From: Andrea Arcangeli <aarcange@redhat.com>
Subject: [PATCH 2/2] ext4: ext4_discard_partial_page_buffers_no_lock() wrong parameters
Date: Mon, 12 Dec 2011 03:27:08 +0100
Message-ID: <1323656828-24465-3-git-send-email-aarcange@redhat.com>
References: <1323656828-24465-1-git-send-email-aarcange@redhat.com>
Cc: Theodore Tso <tytso@MIT.EDU>, Jan Kara <jack@suse.cz>
To: linux-ext4@vger.kernel.org
In-Reply-To: <1323656828-24465-1-git-send-email-aarcange@redhat.com>
Sender: linux-ext4-owner@vger.kernel.org

If "copied" is zero (it can happen if the pte is unmapped before the
atomic copy_user that does the data copy runs) the "from" passed to
ext4_discard_partial_page_buffers_no_lock() points to pos-1, which
would correspond to a logical page index before the page->index
leading to ext4_discard_partial_page_buffers_no_lock() returning
-EINVAL (because index != page->index). In such a case write() returns
-EINVAL and userland gets a failure and filemap.c doesn't retry the
copy_user anymore.

I'm not certain of why exactly
ext4_discard_partial_page_buffers_no_lock() is run here, so it's hard
to tell if this is the correct fix. But it that functions clears data
starting from the "from" parameter, so regardless of the -EINVAL
retval, the right "from" to start clearing data should be pos+copied,
not pos+copied-1. If this assumption is correct, it could mean that
this bug in addition to the -EINVAL error, could also zero out 1 byte
by mistake. I'm not sure what the implications for that are (not sure
if data corruption is possible in some circumstances because of
that). I guess normally this functions runs on unmapped buffers and
the EXT4_DISCARD_PARTIAL_PG_ZERO_UNMAPPED makes it a noop on those.

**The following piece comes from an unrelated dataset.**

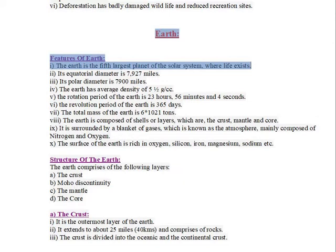The Earth is the fifth largest planet of the solar system, where life exists.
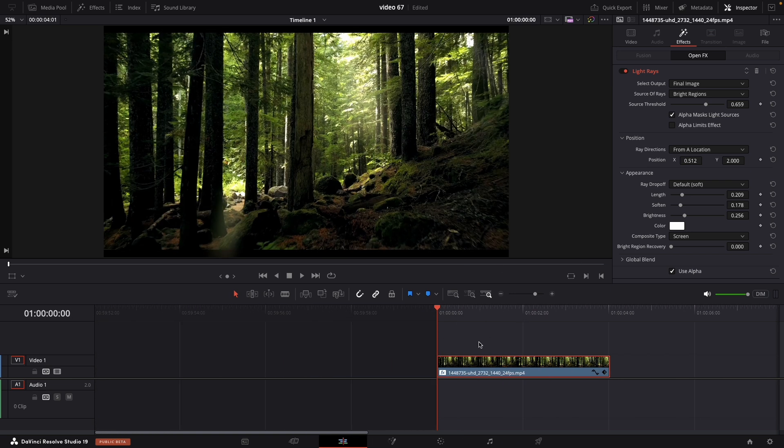Okay guys, this is it. You just need to drag and drop the effect and DaVinci will do the rest. Tweak the settings a little bit to look more natural.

After fixing the hang in ext4_da_should_update_i_disksize, this write
-EINVAL error becomes trivially reproducible with experimental knumad
autonuma code running at heavy frequency (not the normal case). But
like for the ext4_da_should_update_i_disksize hang, it should not be
impossible to reproduce it with legacy swapping behavior.

After dropping all caches a md5sum is successful and I can't find
errors anymore with this patch, the -EINVAL stops, but it's not
conclusive (and I haven't run e2fsck -f yet but I doubt this affects
metadata coherency, seems more like a delayalloc data issue).

Signed-off-by: Andrea Arcangeli <aarcange@redhat.com>
---
 fs/ext4/inode.c |    6 +++---
 1 files changed, 3 insertions(+), 3 deletions(-)

diff --git a/fs/ext4/inode.c b/fs/ext4/inode.c
index 63f9541..528c4c5 100644
--- a/fs/ext4/inode.c
+++ b/fs/ext4/inode.c
@@ -2534,11 +2534,11 @@ static int ext4_da_write_end(struct file *file,
 							page, fsdata);
 
 	page_len = PAGE_CACHE_SIZE -
-			((pos + copied - 1) & (PAGE_CACHE_SIZE - 1));
+			((pos + copied) & (PAGE_CACHE_SIZE - 1));
 
-	if (page_len > 0) {
+	if (page_len < PAGE_CACHE_SIZE) {
 		ret = ext4_discard_partial_page_buffers_no_lock(handle,
-			inode, page, pos + copied - 1, page_len,
+			inode, page, pos + copied, page_len,
 			EXT4_DISCARD_PARTIAL_PG_ZERO_UNMAPPED);
 	}